When you see a lot of theater (or any other art form), it's axiomatic that they can't all be winners. Recently, there have been few highs and some really exceptional lows. (Fortunately, some of the best stuff I've seen this year has been youth-oriented theater, so at least I can rest assured that my kids are getting exposed to some of the better efforts while their minds are still forming). I'm not going to name any names, but some of the worst has been presented by organizations that really should know better.

But the losing streak was broken this weekend when we saw a new musical, Miss Shakespeare, presented at the intimate and flexible Performance Works Theatre on Granville Island in Vancouver. With a seven-woman cast, the piece is running in rep with an all-female, futuristic adaptation of Julius Caesar. The Miss Shakespeare of the title is the Bard's younger daughter, Judith, who feels passionately moved to make art (and naughtier pursuits) but is stifled by restrictions on women's participation in the theater. Dauntless, she persuades a tavern-keeper to lend her his cellar and assembles a group of women to be her secret players. Despite the risks if they are discovered, the women launch themselves into the brave new world of making theater, first enacting Venus and Adonis and later tackling Judith's first play, a telling of the story of Atalanta and taking the show on the road, daringly dressed as men (and leading to the entertaining but rather puerile number "Keep Your Pizzle in Your Pants").

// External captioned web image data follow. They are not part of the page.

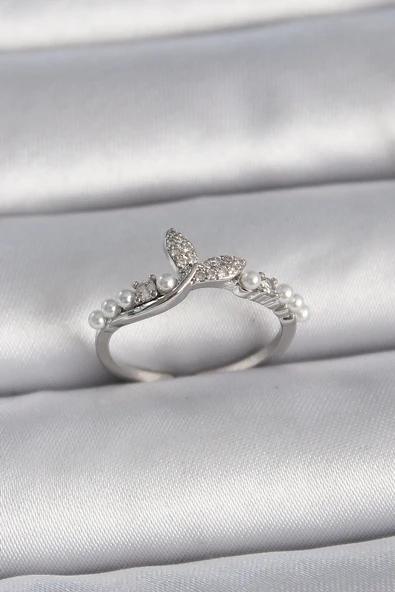 Pirinç Gümüş Renk Ayarlanabilir Zirkon Taşlı Balık Kuyruğu İnci Detay Model Kadın Yüzük ürün görseli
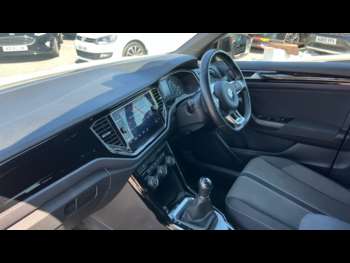 Used Volkswagen T-Roc 2021 for sale - 75147665: Photo
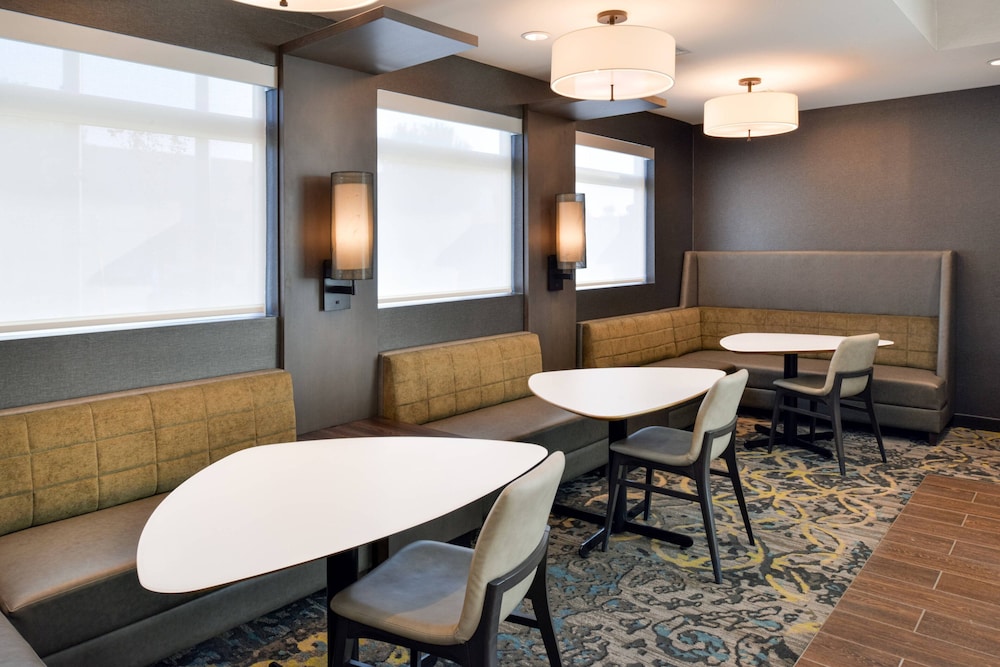 Residence Inn by Marriott Bakersfield West 38/42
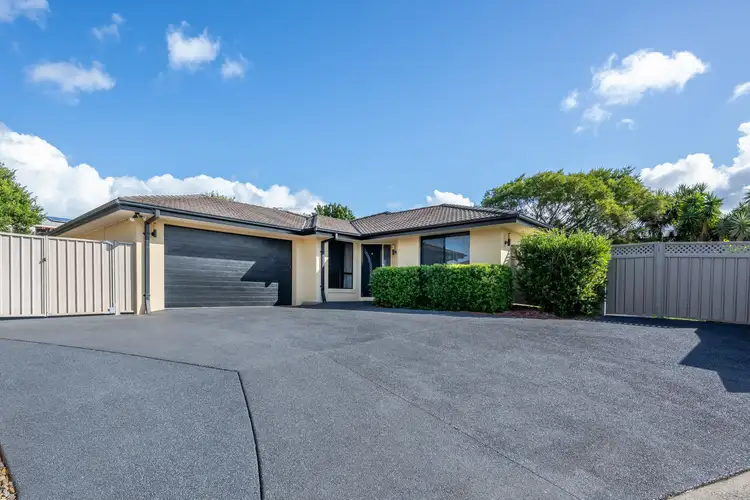 5 Vista Close, Woolgoolga NSW 2456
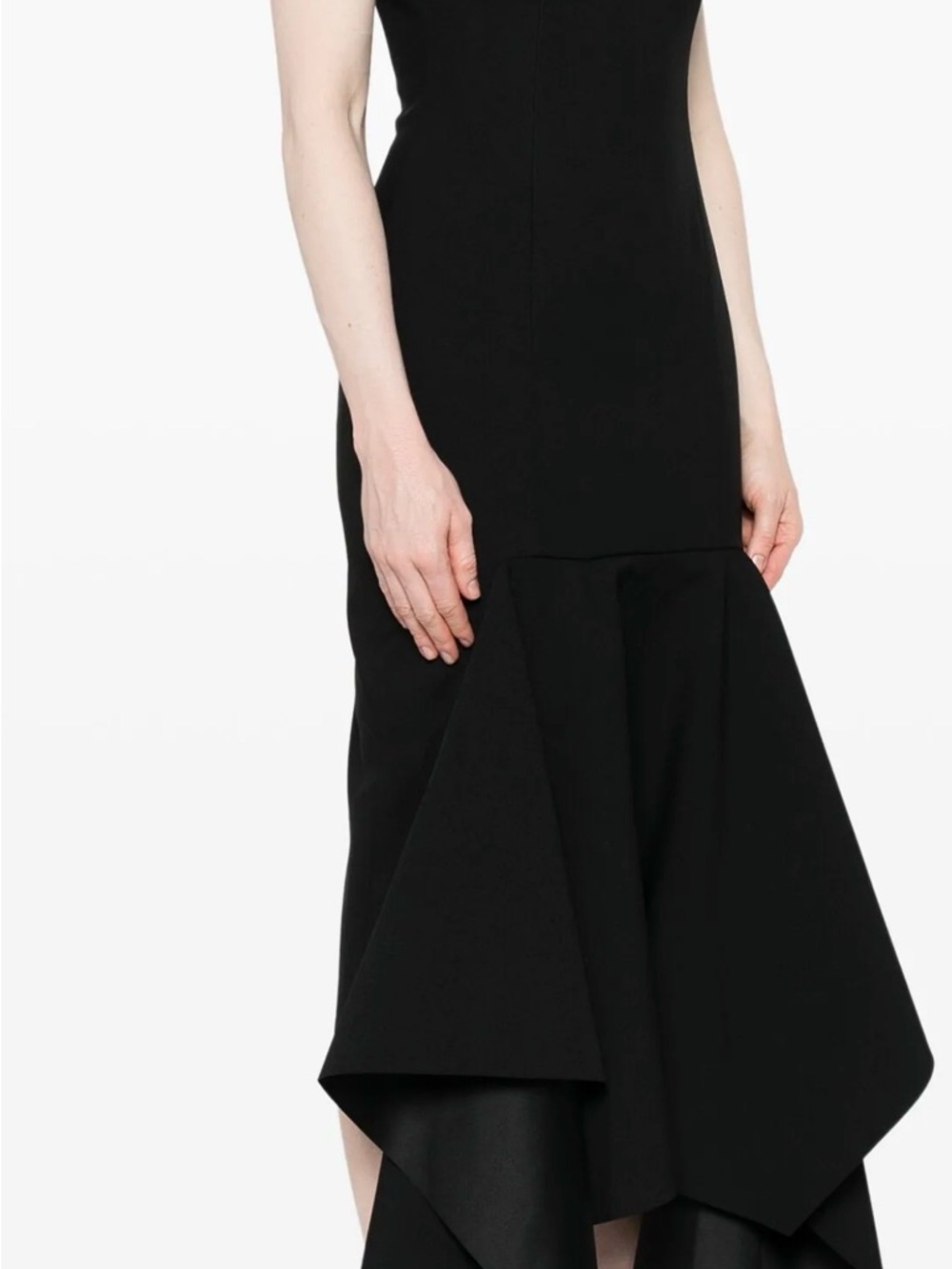 Solace London Black Sleeveless Mermaid Hem Dress - Picture 3 of 5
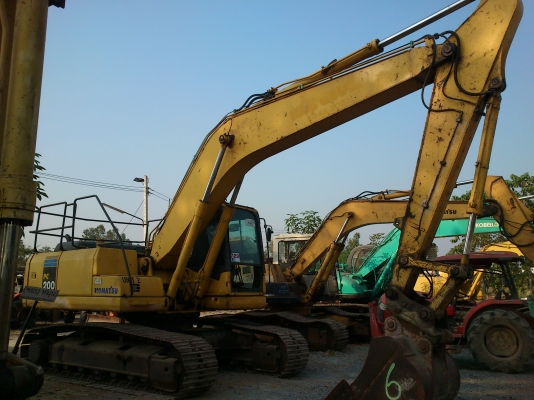 KOMUTSU PC 200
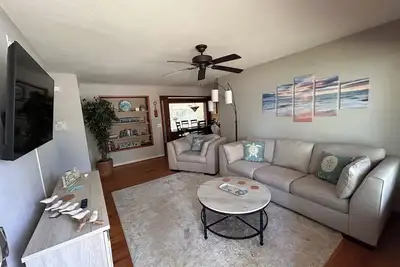 Image de Bring the family & friends! Cozy, Spacious and 4 miles to the Beach & Speedway!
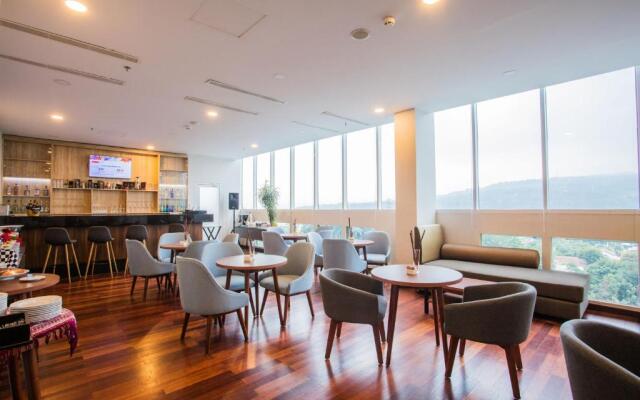 Bigland Hotel & Convention Sentul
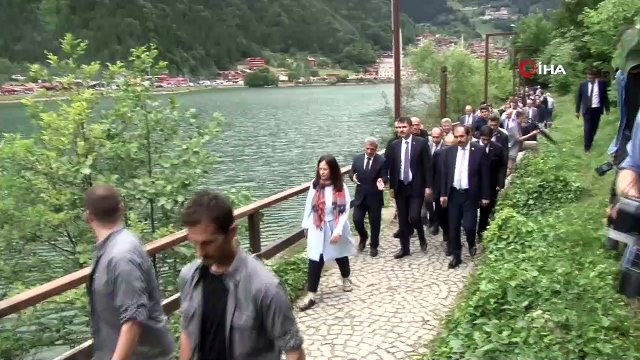 Bakan Kurum: “Tıpkı Ayder gibi Uzungöl de dönüşecek”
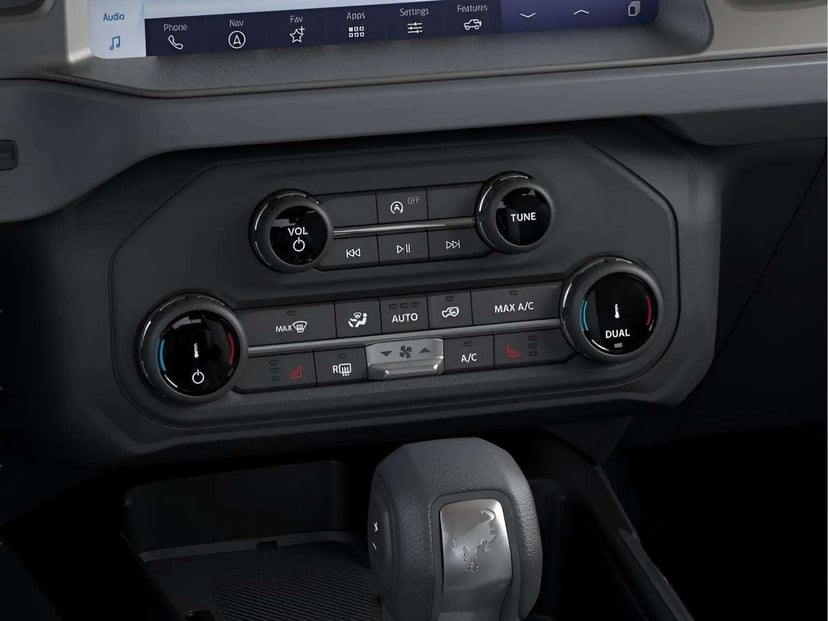 2026 Ford Bronco - Image 13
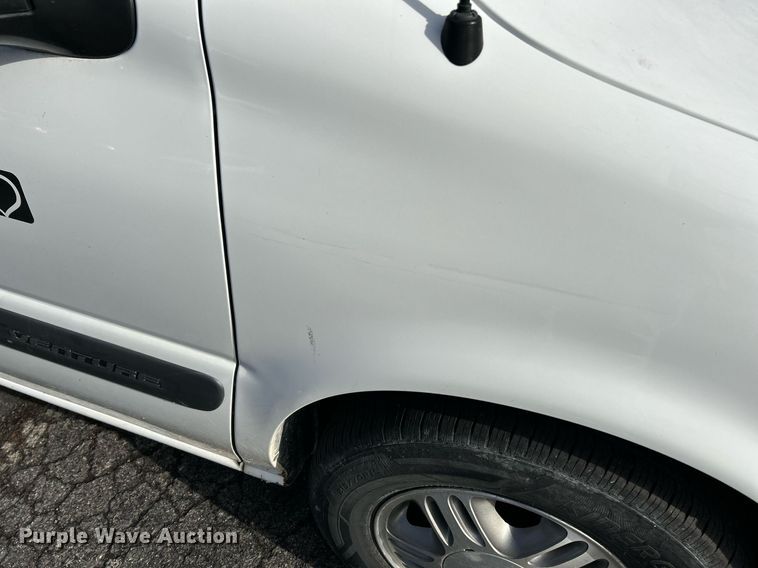 image for item NE9680 2003 Chevrolet Venture  van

Each woman represents a different type of female oppression, and each receives an opportunity to sing about her life. While the production notes refer to the music as "influenced by European cabaret," the songs really are a pastiche of musical theater styles, including a gospel number, rock-pop, and Elizabethan-inflected harmonies. One married woman remains a virgin -- her pious husband will not touch her and she cannot seek companionship outside her marriage. Another agonizes over her fourteenth miscarriage and imagines what each child might have been like. The lone daughter among nine sons (played with spunk by the playwright, Tracey Power) laments her struggles to live as fierce and fulfilling a life as her brothers, and relishes an opportunity to try on male roles and trousers. One member of the troupe, the bastard daughter of an actor born to a well-born, unmarried mother, inserts herself into the group and teaches them something important about empathy when another member of the troupe finds herself inconveniently pregnant. A sixth player is Susannah Shakespeare Hall, Judith's elder sister, who struggles to reconcile her desire for stability in her bourgeois family with her desire to support her sister.

The seventh actor is a white-haired woman who functions as a verse-speaking storyteller. Masked, she also plays the apparition of William Shakespeare (who says a ghost has to be dead, he posits) who periodically appears to Judith to spar with her and spurs her on to greater commitment to her artistic life. A self-styled Prospero to Judith's Miranda, she insists on her own agency as something other than the famous man's daughter. It wasn't particularly surprising to me when this storyteller is revealed in the play's epilogue to be Judith herself, fifty years later, reflecting back from a world which now allows women, including her own niece, to make plays.

One additional character appears in several scenes -- that tavern-keeper who provides the rehearsal space. He is played by several members of the cast in turn, each putting on a bar apron and assuming the role. This proves to be a rare misstep in the production, because he turns out to be an emotionally important character -- the man who has loved Judith for years, teaches her to write, and ultimately marries and then betrays her. By allowing the one male character to be played by interchangeable women, the production may be attempting to reverse years of similar treatment of female characters, but a critical emotional conflict and developing relationship was undermined to the play's detriment.

This is essentially a woman's-conflict-with-society play, and not one that centers on interpersonal conflicts, which I why I think the relationship between Judith and Susannah presents another muddled opportunity. Susannah is always conflicted about her support of Judith's enterprise, presenting the voice of conformity with social standards, although she decides to go along with it as a member of the troupe. When Susannah drops out of the company on the eve of their performance, it is hardly unexpected by the audience, but it also seems not to surprise Judith and company. The show goes on with nary a hiccup, and any tension therefore dissolves. A good deal of time is invested in developing this character and their relationship, but it fails to come to any important climax. To show Judith's struggle not just with her father's influence but also the women in her family, perhaps a stronger choice would have been to have the storyteller play not just Judith's father speaking in her head but also her mother. Anne Hathaway is certainly an interesting character and presenting her could have been very compelling.

The musical numbers are not the most memorable songs ever written, but they are certainly more than competent. They do a good job of lightening the load of so much suppression, and make for a strong reminder that, though the play is set in the early 17th century (the period-indicative costumes in shades of cream and tan are beautifully done, and the set with Tudor-style rafters, wood floor, and rough-hewn furniture topped with glowing lanterns sets the space in time while keeping it cozy), these women face daily challenges that are not as far removed from our own as sometimes we might like to think.

This is a solid and enjoyable piece of work. I hope that it draws plenty of attention, because it could be a very welcome piece in university settings where casts with many strong roles for women are frequently needed (and the production and musical requirements are not onerous). I think it would be a little bawdy for most high schools, but if Powers were willing to slightly adapt some of the references to asses, pizzles, and "putting it in," it would otherwise be a terrific educational theater piece at that level too.